Despite being one of the early deathcore bands to successfully add keyboards to their repertoire and become more of a blackened deathcore band 4-5 albums ago, Carnifex has been surpassed by the likes of Shadow of Intent, Mental Cruelty and Lorna Shore when it comes to this supposed ‘blackened deathcore’ sound (and you could make the argument those three all followed Carnifex’s lead..)
Still, they have kicked out a slew of solid albums since 2010s Hell Chose Me, in this more blackened style, even if 2019s World War X seemed to lean more in the direction of the band’s earlier, pure Whitechapel-ish mimicking deathcore and lesson the blackned influence a bit. And with album number 8, Graveside Confessions, the band still seems to be struggling with that balance, now going back to a more symphonic, blackened deathcore sound, as if to compete with the above mentioned bands after hearing the massive albums like Lorna Shore‘s Immortal. Arguably the benchmark for symphonic deathcore right now.
So what we have here is 11 new songs, 3 re-recorded songs from the band’s Dead In My Arms debut, as well as a inexplicable cover of Korn’s “Dead Bodies Everywhere”. The eleven new songs are what you’ve come to expect from Carnifex at this point in their career, they still have a pretty good balance of downtuned, breakdown filled deathcore, mixed with some blacker tremolo picked elements and some sweeping keyboards. And the keyboards seem to be more present than World War X, which had some songs that didn’t have them at all. Still, they are never as full on, in your face, symphonic or choral as the above mentioned peers, but more of a subtle glossing but still used effectively as heard on the opening title track, “Seven Souls”, “Pray For Peace”, “Cursed” “Countess of Perpetual Torment”, “Cold Dead Summer and “Alive For the Last Time”, all solid. stout songs with nice breakdowns, blasts and keys. However, “January Nights” is a need less atmospheric acoustic bridge that breaks up the momentum a bit.

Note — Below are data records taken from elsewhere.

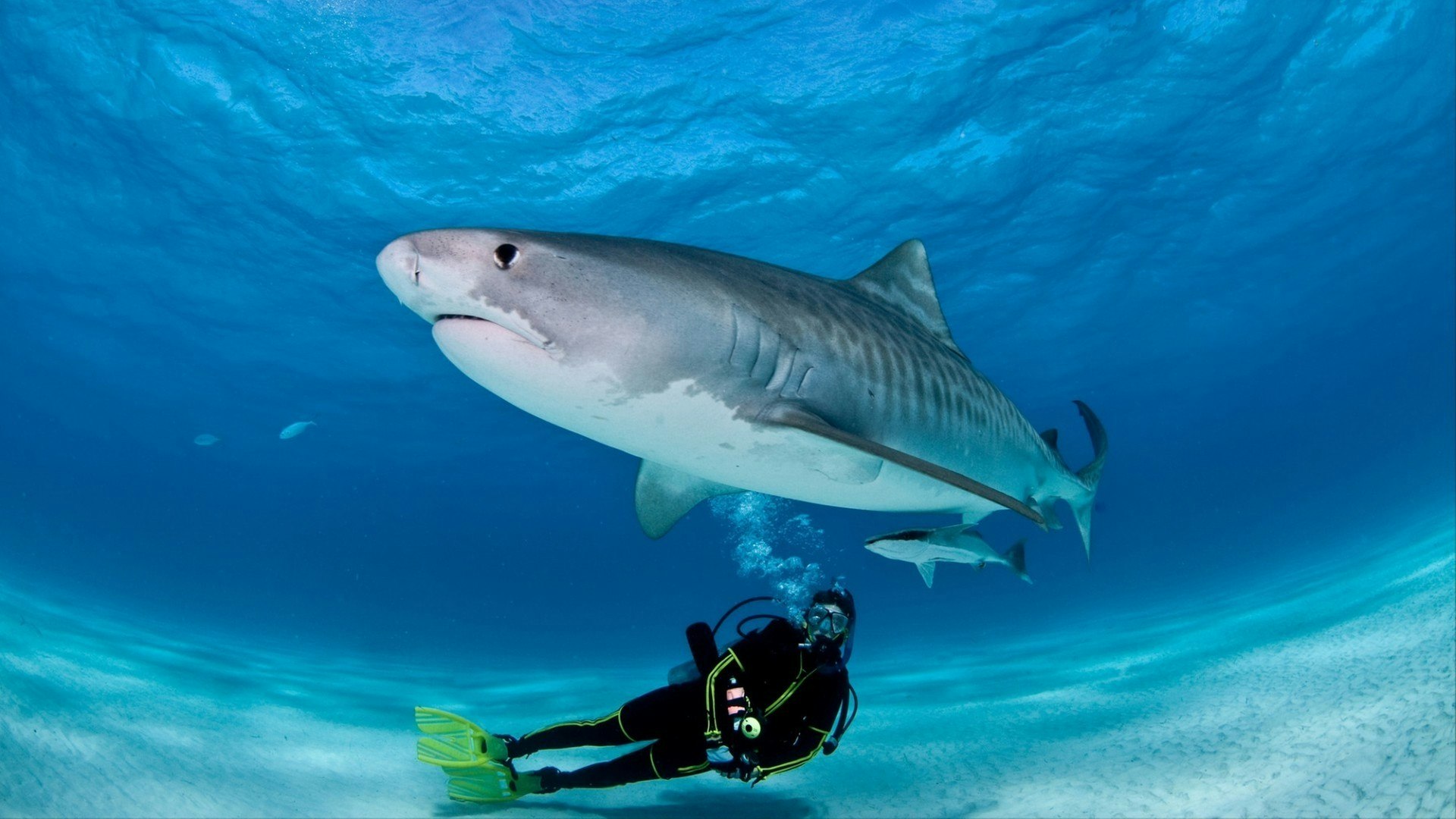Tiger shark glides over the top of a diver, flashing his metallic stripes.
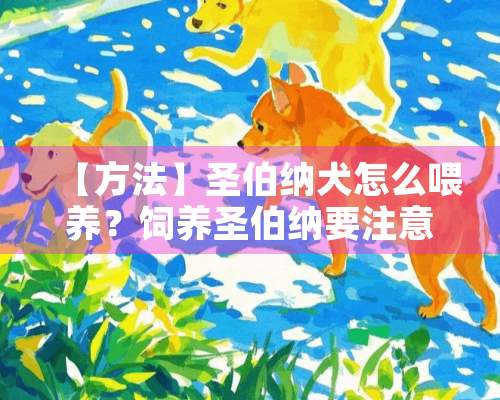 【方法】圣伯纳犬怎么喂养？饲养圣伯纳要注意什么？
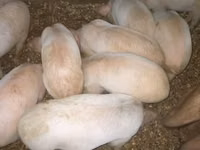 Schweine (Partie, Geschlecht nicht angegeben), Schweine — Foto 2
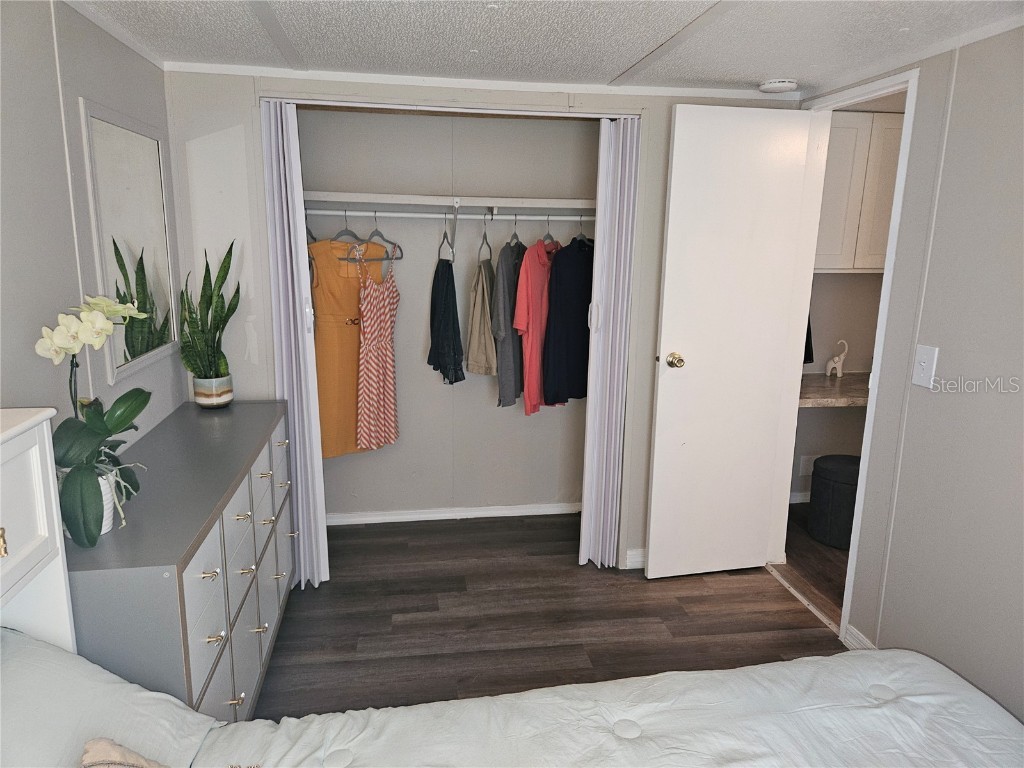 3130 Great Oak Street Wesley Chapel FL 33543 TB8436515 image15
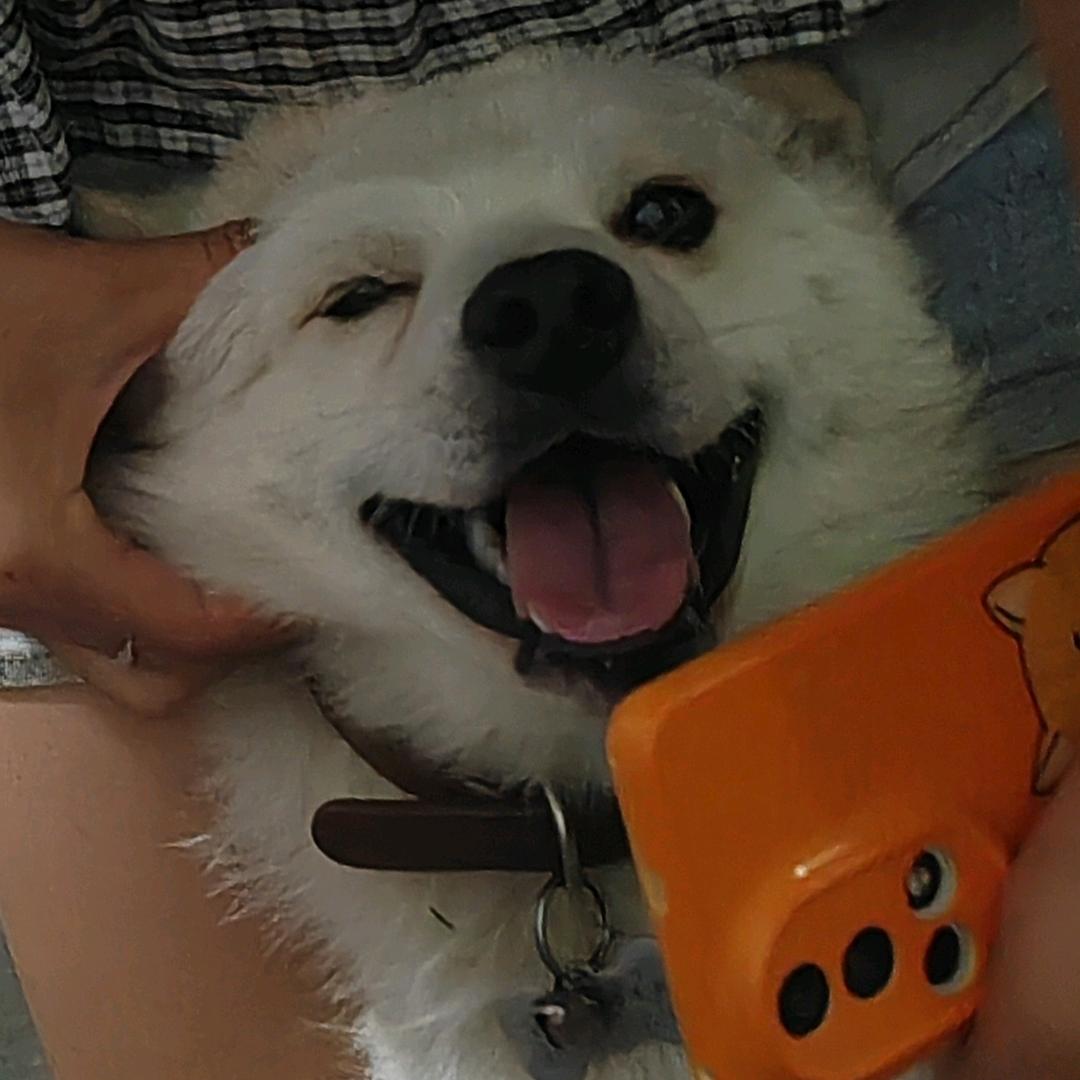 任一星(见过任嘉伦版的)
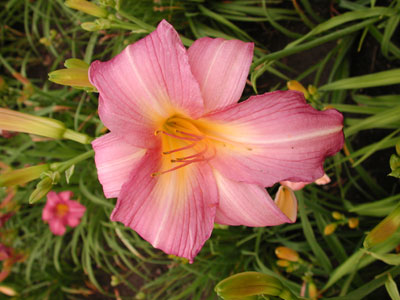 daylilies: DOTTIE WARWICK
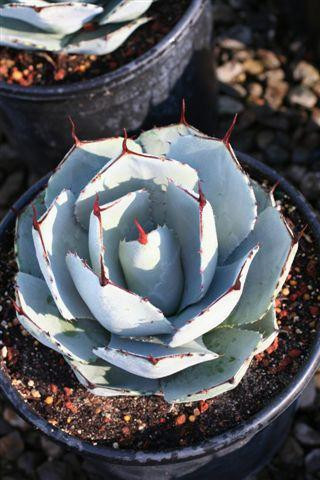Agave parryi var. truncata - Devil Mountain Wholesale Nursery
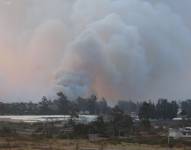 Incendio forestal en Pifo este miércoles 4 de septiembre.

The re-recorded songs (“Collaborating Like Killers”, My Heart in Atrophy” and “Slit Wrist Savior”) are a bit of a let down as they simply removed the samples (which the band loved early on), beefed up the production and lessened the metalcore, screamier vocals, but don’t add keyboards from the bands newer sound, which is a shame, as I’d like to have heard these older, more pure deathcore breakdown heavy songs with the blackened influence.
Still, I respect that Carnifex is eight albums in, and still pretty consistently solid, and I’m guessing still moving units for Nuclear Blast, and having seen them live, put on a killer show. I just wish they’d full commit to the symphonics a little more, as when you compare to similar band’s releases this year like Mental Cruelty‘s A Hill to Die Upon or the new Lorna Shore EP, “And I Retunr to Nothningness“, Carnifex is lagging a little bit behind on both symphonics and nasty breakdowns.